Guide to Joint Ventures – Case study

Authored by: Hadef & Partners, Sector Groups

This case study accompanies our Guide to Joint Ventures which can be found here.


  • Our client was a European manufacturer and distributor.
  • Our client was selling its products to a local third party distributor in the UAE as it did not have any distribution company established in the region to sell its products directly to UAE customers.
  • Our client entered into a distribution agreement (“Distribution Agreement”) with a UAE company (“UAE Co”) under which UAE Co was responsible for, among other things, marketing and selling our client’s products in the UAE (“Products”).
  • The Distribution Agreement was to be terminated and our client wished to establish a new company which would be licensed to carry out the sale and distribution of the Products in the UAE (the “Licensed Activities”).  The Licensed Activities were to be carried out in onshore UAE and, accordingly, it was necessary to establish an onshore LLC in order to carry out these activities (“UAE Distribution LLC”).
  • The shareholding of UAE Distribution LLC would need to comply with Foreign Ownership Restriction.  However, the commercial agreement was for UAE Distribution LLC to be a 50:50 JV between our client and UAE Co.
  • Our client wished to implement a robust corporate structure for the purpose of owning, managing, marketing, distributing and selling the Products in the UAE via a 50:50 JV with UAE Co.

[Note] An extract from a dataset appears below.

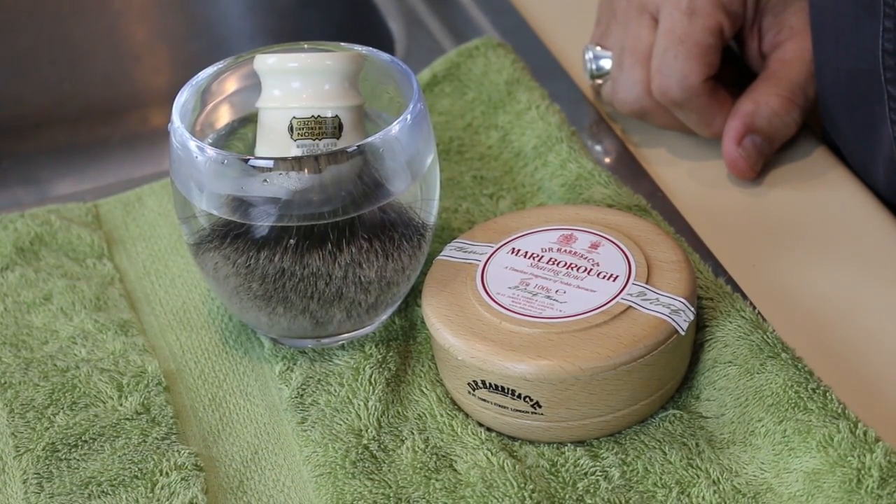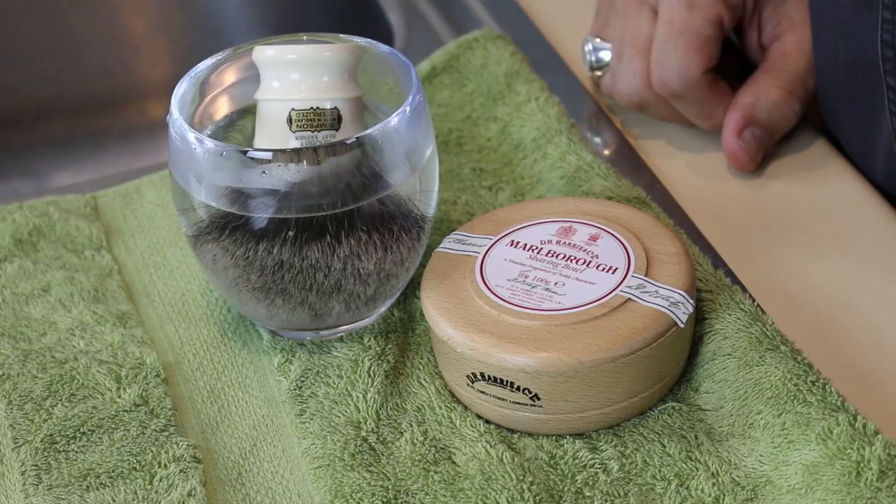Let's look at this pairing of the Chubby 2 and the Marlborough Shave Soap. D.R. Harris & Co. of London has been producing some of the finest luxury personal care items for over 200 years. The Marlborough stands out as one of the most unique offerings amongst their more traditional fragrances.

Solutions provided by Hadef & Partners

We created a robust and flexible structure for our client, the key features of which are set out below.

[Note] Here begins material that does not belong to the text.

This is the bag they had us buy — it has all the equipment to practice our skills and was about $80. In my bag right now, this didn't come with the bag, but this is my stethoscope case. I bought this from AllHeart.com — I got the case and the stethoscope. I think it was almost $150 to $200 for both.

  • Our client owned forty nine per cent (49%) of the legal interest and fifty percent (50%) of the beneficial interest of the entire issued share capital of a joint venture company limited by shares incorporated in the DIFC (“DIFC JVCo”), whilst UAE Co held fifty one percent (51%) of the legal interest and fifty percent (50%) of the beneficial interest of the entire issued share capital of DIFC JVCo. UAE Co held, on behalf and to the account of our client, one percent (1%) of the legal interest of the entire issued share capital of DIFC JVCo (the “Nominee Shares”) for the purpose of complying with the Foreign Ownership Restriction.
  • Our client and UAE Co incorporated a nominee holding company in the Jebel Ali Free Zone (JAFZA Offshore Co”) for the purpose of complying with the licensing regulations requiring a second shareholder for UAE Distribution LLC. Our client and UAE Co held, in the same proportion as DIFC JVCo, the legal and beneficial interest in the share capital of JAFZA Offshore Co.
  • DIFC JVCo and JAFZA Offshore Co together held the shares in UAE Distribution LLC.
  • Accordingly, our client was the indirect legal owner of 49% of the share capital in UAE Distribution LLC and UAE Co was the indirect legal owner of 51% of the share capital in UAE Distribution LLC, therefore complying with the Foreign Ownership Restriction.
  • The relationship between our client and UAE Co in respect of DIFC JVCo was governed by the memorandum and articles of association (“DIFC JVCo MOA”) and a shareholders agreement subject to DIFC law (the “SHA”).  Unlike the position under UAE law, where the only remedies for breach of contract are generally damages and/or rescission, DIFC law allows scope for the remedy of specific performance.  A court order for specific performance will require a party under a contract to fulfil a contractual obligation which it has otherwise failed to satisfy.  Accordingly, contractual provisions in the DIFC JVCo MOA and the SHA which required the transfer of shares should be enforced by the DIFC courts – such provisions included, amongst others, put/call options, drag along/tag along rights and compulsory share transfers on default events.
  • Given that this was a 50:50 JV, the composition of the board of each of JAFZA Offshore Co, DIFC JVCo and UAE Distribution LLC was comprised of an equal number of directors appointed by our client and UAE Co. Therefore, the SHA included share transfer mechanisms to deal with potential deadlocks. As noted above, and unlike other free zones or in onshore Dubai, such share transfer mechanisms are more likely to be upheld in the DIFC. 
  • Another key advantage of using a DIFC company was the greater degree of protection it offered in respect of our client’s beneficial interests in the Nominee Shares, which was achieved by way of the following:
  • a pledge was registered in respect of the Nominee Shares at the DIFC Security Register (it is not always possible to perfect a pledge over shares in this way in onshore UAE or in one of the other free zones);
  • an irrevocable power of attorney was issued by UAE Co in favour of our client to deal with the Nominee Shares; and
  • the concept of a trust is not recognised in the UAE but is recognised as a matter of DIFC law.  Accordingly, a declaration of trust was executed pursuant to which UAE Co acknowledged and undertook that it held the Nominee Shares on trust for the benefit and to the account of our client.